But nonetheless this is not the impression he wanted to make on his first weekend with his new team after replacing Jack Doohan, a driver Alpine executive advisor and de facto team principal Briatore felt was not quick enough and made too many errors.

Jack Doohan and Flavio Briatore, Alpine, F1

Briatore told Sky Sports Italy that Colapinto will “race as much as needed” and could “drive forever” if he meets those three aforementioned conditions. Inevitably, the feeling is that Colapinto is in a genuinely strong position to keep the drive longer-term.

“I read somewhere that he’ll have five races, but no, there’s no set limit on his races," said Briatore. That seemed an odd remark given this information came directly from Alpine’s announcement of the Doohan/Colapinto change, and included a quote from Briatore saying this is the line-up for the next five races, but in reality all he means is that Colapinto’s time is guaranteed to be that long. It could be longer.

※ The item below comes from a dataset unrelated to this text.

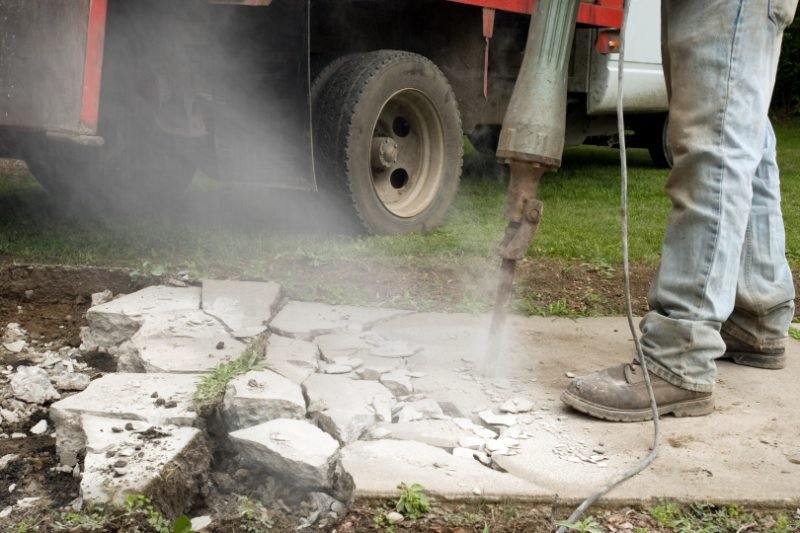 Concrete Repair in Stillwater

This was already known - you don’t put a driver in mid-season if there is no serious chance of him keeping the seat should he do a good job. So the point is that this is an ongoing evaluation. And in that case, anything that happens - good or bad - should theoretically impact the decision Alpine ultimately makes.

In that context, this is an obvious mark against Colapinto. Especially as the main downside to his generally impressive Williams part-season in 2024 was that he had heavy crashes, two in Brazil (in qualifying and the race) and in qualifying in Las Vegas.

Franco Colapinto crash Las Vegas

The last one was the worst, not just because of the atrocious conditions in Brazil but because Vegas was a result of poor judgement and risk management. And this accident at Imola was also a consequence of imprecision and a little overzealousness.

While Alpine did not look quite as fast as it was on Friday, the car was clearly capable of getting through to at least Q2 and Colapinto’s first run was decent, just three tenths slower than team-mate Pierre Gasly, potentially putting him in Doohan pace territory already, straight out of the blocks.

Colapinto is learning the limits, and should be afforded a little extra grace as a result, but this was a painful reminder of the risk vs reward balance and how much is at stake in Q1. It looked like Colapinto just ran a tiny bit wide picking up the throttle - earlier than before? more than before? - and the rear snapped as he got on the grass and exit kerb. He might have briefly thought he would get away with it, but it also may have all happened too quickly for him to bail out.

Franco Colapinto, Alpine, F1

That will be for Colapinto and the team to understand quickly, and for him to take on board for next time. Monaco is not the place to be taking extra margin at the wrong time. And Colapinto’s priority needs to be to show the best of his ability, not replicate the low points of 2024.

He has generally looked comfortable, composed and reasonably quick this weekend and should have been in an ideal place to use Q1 and Q2 (at least) to build some knowledge of the car really on the limit. And who knows where that could have led if his solid practice and early Q1 trajectory had continued?

Gasly is starting in the top 10 and a good bet for points, and Colapinto could have been in the mix instead of facing a long race starting near the back - potentially with a one-place grid penalty for erroneously going to the end of the pitlane during the first red flag period because of a miscommunication leaving the garage.

This is clearly Colapinto’s drive to keep or lose, and he has been given clear targets to meet. The crash is the worst-case scenario for his Alpine debut and falls short of a key demand, but it is just one of (theoretically) five qualifying evaluations.

It can be compounded by repeat errors. Or it can quickly be forgotten, starting with a strong drive in Sunday’s race.